_RECORDS FOR THIS TASK:_
━━━━━━━━━━━━━━━━━━━━

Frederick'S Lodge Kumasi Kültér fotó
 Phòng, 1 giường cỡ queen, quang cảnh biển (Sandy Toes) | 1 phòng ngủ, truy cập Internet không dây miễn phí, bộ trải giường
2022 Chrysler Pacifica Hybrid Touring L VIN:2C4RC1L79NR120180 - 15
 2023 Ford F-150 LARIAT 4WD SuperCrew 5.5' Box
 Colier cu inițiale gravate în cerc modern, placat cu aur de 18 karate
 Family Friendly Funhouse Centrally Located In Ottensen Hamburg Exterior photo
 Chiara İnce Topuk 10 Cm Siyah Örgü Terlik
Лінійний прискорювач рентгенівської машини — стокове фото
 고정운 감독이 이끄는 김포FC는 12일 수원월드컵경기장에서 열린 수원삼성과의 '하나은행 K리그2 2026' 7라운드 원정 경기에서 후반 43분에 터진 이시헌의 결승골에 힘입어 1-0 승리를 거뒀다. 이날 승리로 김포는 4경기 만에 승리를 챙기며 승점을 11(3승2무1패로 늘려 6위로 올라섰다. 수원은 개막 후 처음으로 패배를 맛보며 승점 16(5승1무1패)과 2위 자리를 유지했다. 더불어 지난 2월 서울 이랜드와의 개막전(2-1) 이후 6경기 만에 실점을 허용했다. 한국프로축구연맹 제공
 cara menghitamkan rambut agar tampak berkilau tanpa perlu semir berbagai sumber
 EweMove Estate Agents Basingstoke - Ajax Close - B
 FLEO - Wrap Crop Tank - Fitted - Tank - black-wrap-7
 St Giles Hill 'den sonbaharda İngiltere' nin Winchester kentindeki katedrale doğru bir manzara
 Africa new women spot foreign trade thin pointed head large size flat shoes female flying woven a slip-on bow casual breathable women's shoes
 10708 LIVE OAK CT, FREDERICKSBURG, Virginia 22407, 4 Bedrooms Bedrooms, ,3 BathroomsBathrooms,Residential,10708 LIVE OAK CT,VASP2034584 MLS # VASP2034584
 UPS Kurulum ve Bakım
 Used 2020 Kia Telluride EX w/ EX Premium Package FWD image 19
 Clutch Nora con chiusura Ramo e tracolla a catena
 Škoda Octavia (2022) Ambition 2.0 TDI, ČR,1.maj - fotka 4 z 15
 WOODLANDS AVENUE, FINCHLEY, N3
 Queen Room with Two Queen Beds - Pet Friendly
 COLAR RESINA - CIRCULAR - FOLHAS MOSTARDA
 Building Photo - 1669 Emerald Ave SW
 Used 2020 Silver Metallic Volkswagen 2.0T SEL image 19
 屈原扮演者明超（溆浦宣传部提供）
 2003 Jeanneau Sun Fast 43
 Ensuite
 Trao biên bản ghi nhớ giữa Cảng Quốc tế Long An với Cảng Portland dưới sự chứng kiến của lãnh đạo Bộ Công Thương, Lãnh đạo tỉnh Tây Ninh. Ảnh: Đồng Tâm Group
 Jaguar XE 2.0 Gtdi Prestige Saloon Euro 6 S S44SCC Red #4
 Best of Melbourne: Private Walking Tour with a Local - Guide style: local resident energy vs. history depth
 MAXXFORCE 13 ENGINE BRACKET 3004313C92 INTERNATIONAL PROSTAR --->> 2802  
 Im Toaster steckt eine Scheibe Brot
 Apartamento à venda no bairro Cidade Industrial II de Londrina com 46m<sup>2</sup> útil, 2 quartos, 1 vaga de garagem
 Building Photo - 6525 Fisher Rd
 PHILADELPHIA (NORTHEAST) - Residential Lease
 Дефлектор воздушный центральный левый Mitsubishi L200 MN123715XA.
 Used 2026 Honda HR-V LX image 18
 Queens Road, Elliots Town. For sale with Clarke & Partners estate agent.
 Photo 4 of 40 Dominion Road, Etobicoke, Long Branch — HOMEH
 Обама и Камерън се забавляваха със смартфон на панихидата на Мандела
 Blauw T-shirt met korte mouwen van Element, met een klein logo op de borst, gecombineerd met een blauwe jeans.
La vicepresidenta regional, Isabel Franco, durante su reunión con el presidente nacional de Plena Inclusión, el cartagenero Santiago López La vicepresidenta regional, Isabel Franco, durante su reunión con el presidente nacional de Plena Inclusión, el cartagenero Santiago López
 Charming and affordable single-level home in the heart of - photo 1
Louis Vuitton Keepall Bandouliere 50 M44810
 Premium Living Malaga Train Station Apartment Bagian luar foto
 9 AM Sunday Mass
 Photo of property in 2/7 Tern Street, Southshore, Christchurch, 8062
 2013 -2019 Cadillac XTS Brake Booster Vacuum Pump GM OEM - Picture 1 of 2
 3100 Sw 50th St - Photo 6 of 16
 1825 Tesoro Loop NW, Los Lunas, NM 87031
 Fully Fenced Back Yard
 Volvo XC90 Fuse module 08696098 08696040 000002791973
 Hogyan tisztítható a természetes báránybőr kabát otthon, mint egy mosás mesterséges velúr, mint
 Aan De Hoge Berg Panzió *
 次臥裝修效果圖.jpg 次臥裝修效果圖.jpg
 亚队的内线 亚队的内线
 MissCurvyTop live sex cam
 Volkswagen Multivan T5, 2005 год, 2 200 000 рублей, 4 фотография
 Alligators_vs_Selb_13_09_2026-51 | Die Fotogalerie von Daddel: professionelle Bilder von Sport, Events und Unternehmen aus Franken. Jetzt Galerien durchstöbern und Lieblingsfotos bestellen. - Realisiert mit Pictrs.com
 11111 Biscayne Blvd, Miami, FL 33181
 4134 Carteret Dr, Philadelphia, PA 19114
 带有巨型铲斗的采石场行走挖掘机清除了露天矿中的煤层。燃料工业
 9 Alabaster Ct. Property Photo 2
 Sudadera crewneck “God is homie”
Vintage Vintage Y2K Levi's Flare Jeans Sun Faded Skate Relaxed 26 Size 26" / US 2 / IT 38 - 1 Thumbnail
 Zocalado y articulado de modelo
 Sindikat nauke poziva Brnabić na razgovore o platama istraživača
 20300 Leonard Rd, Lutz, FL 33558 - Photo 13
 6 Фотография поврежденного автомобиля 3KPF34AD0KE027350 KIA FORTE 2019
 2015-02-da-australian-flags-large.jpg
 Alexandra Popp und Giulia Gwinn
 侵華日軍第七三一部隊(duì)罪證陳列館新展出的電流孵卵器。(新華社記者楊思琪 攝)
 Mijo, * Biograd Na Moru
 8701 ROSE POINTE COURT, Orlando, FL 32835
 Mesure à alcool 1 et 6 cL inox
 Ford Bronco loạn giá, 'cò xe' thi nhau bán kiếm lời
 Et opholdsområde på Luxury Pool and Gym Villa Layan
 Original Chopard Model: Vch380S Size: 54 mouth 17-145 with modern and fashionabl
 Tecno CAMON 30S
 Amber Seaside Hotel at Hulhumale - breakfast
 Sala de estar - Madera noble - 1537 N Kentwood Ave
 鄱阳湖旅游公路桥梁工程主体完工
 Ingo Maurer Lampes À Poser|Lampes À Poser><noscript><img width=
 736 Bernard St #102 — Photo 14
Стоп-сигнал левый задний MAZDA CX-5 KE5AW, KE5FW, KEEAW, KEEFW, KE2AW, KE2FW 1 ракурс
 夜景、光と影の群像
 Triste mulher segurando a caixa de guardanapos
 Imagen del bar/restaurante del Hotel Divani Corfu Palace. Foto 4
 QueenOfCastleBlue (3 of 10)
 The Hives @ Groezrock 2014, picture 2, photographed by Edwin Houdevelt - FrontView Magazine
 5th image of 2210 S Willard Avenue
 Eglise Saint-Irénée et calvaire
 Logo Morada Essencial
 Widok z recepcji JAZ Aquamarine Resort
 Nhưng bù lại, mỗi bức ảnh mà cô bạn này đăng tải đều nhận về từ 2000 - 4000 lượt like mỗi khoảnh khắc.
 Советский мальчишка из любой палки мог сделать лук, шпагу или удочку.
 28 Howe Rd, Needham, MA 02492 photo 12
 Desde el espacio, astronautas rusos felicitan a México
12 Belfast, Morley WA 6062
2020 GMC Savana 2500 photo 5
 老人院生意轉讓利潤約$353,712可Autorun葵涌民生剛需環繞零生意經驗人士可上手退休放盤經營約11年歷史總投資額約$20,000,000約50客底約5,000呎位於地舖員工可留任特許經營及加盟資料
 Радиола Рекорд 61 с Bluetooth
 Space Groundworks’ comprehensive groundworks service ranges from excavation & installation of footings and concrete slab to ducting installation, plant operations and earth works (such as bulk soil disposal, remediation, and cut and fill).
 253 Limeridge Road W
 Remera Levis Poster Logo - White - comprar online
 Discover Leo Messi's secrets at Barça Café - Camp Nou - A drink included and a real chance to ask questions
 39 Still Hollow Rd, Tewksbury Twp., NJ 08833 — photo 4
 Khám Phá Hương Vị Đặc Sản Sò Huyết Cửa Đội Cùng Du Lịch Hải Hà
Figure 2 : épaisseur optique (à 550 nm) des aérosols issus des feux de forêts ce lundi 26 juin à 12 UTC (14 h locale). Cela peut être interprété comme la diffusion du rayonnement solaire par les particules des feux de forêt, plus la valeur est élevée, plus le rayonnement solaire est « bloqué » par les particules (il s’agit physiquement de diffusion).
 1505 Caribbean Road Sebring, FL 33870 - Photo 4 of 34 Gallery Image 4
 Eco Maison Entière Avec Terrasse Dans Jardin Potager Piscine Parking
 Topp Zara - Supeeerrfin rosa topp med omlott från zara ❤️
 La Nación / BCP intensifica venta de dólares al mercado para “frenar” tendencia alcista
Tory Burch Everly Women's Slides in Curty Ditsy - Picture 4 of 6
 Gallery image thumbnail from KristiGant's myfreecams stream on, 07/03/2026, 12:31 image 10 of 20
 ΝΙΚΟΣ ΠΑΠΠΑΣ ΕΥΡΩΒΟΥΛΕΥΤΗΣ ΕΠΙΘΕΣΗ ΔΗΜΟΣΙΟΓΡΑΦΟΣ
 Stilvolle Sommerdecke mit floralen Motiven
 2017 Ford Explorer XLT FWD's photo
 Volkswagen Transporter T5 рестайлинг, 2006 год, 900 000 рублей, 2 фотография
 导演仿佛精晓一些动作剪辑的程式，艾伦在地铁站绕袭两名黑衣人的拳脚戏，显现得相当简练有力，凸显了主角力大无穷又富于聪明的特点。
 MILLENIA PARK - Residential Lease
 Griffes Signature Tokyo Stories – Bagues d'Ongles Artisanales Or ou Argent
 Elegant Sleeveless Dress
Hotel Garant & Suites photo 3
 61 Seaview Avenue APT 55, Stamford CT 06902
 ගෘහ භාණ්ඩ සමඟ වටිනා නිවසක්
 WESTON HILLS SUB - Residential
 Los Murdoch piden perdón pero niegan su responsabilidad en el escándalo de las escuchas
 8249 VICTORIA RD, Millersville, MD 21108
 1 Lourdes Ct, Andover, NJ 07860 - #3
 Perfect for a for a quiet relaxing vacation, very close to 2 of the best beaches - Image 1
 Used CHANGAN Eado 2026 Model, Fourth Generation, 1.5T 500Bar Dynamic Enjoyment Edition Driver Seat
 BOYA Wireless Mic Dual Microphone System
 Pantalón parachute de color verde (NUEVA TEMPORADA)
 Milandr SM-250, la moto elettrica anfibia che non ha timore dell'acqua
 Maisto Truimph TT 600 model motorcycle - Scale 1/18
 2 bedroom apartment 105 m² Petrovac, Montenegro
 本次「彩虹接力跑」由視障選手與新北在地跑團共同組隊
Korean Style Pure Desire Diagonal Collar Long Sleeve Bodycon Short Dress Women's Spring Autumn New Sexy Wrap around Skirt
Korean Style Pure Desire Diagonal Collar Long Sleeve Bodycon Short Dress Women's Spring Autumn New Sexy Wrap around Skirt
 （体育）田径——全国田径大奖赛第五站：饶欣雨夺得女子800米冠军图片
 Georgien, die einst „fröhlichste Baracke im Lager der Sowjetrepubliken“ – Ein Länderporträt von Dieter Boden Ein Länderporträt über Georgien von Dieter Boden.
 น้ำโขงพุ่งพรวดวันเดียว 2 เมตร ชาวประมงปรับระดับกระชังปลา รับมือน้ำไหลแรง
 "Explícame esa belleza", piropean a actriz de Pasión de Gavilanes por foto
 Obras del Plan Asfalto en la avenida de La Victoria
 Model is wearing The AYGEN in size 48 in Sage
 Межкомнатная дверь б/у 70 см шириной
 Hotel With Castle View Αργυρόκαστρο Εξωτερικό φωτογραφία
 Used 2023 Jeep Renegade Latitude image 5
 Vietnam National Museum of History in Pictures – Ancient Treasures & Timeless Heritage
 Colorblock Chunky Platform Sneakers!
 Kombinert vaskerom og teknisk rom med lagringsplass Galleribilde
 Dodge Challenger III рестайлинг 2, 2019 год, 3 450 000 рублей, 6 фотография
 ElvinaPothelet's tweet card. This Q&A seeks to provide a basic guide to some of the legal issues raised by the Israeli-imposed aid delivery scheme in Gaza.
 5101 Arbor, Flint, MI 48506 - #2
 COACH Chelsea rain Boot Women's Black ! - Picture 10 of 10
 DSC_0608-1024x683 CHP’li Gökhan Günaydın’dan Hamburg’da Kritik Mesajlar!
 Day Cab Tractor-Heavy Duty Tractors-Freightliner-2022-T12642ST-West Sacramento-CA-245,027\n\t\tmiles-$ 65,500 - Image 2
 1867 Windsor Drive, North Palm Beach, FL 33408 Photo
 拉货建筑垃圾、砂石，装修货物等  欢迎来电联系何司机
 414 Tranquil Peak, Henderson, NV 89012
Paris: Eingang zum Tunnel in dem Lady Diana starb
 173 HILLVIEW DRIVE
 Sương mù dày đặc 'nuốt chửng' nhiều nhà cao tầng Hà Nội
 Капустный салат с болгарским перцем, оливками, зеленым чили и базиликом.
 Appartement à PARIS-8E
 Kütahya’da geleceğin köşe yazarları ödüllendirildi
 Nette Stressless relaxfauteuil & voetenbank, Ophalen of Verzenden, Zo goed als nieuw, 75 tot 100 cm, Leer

━━━━━━━━━━━━━━━━━━━━

_TASK TO COMPLETE:_ Every line above with the word "modern" is to be copied out.

_EXERCISE RESULT:_
 Colier cu inițiale gravate în cerc modern, placat cu aur de 18 karate
 Original Chopard Model: Vch380S Size: 54 mouth 17-145 with modern and fashionabl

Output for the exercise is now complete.